Russian President Vladimir Putin.

Photo by Vyacheslav Oseledko/AFP/Getty Images

“Right makes might, and not the other way around,” President Obama said in the Rose Garden a few weeks ago. We all know what he meant: In this age of soft power, great countries can win friends not through the use of brute force but through their books and movies, their sophisticated economies, their technological innovations, and, above all, through their attractive and inspiring national ideals. 

Maybe that’s true, some of the time. But for those who find soft power difficult to wield, hard power is still available. Indeed, in the very same week that the American president made his Rose Garden speech, events on the other side of the globe were proving that might certainly can make right.

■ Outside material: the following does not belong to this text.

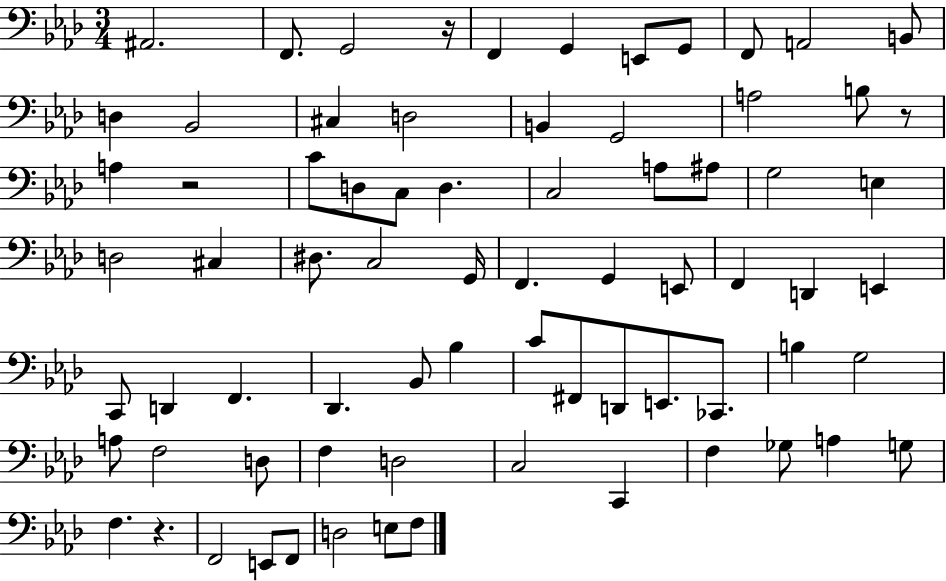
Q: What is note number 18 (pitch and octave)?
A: B3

Even while the world’s attention was fixed on Russian-American diplomacy in Syria, back home Russian President Vladimir Putin was pulling off a much quieter but potentially more significant diplomatic coup. After three years of intensive negotiations, Armenia, Russia’s neighbor, had been on the brink of signing an association agreement, including a comprehensive trade agreement, with the European Union. But on Sept. 3—right in the middle of the Syria crisis—the Armenian government abruptly declared that it would drop the whole project. Rather than aligning itself with the world’s largest free-trade zone and some of the world’s most sophisticated democracies, Armenia decided to stick with Russia, Belarus, and Kazakhstan, and to join the Eurasian Customs Union instead.  

No one pretends that Armenia was attracted by Russia’s soft power. By way of explanation, President Serzh Sargsyan explained that Armenia depends on Russia for it security, and that Armenia has a large diaspora living in Russia. This sounds odd: Most security alliances, NATO included, don’t require their members to join a customs union, and the presence of immigrants in one country doesn’t usually affect trade policy in another. But Armenia has been made anxious in recent weeks by Russian diplomatic overtures toward Azerbaijan, Armenia’s main rival, as well as by anti-immigrant rhetoric from Russian officials. The Armenians took the hint: If they signed the trade deal with Europe, Russia might sell more arms to their rival and expel the Armenians who live in Russia.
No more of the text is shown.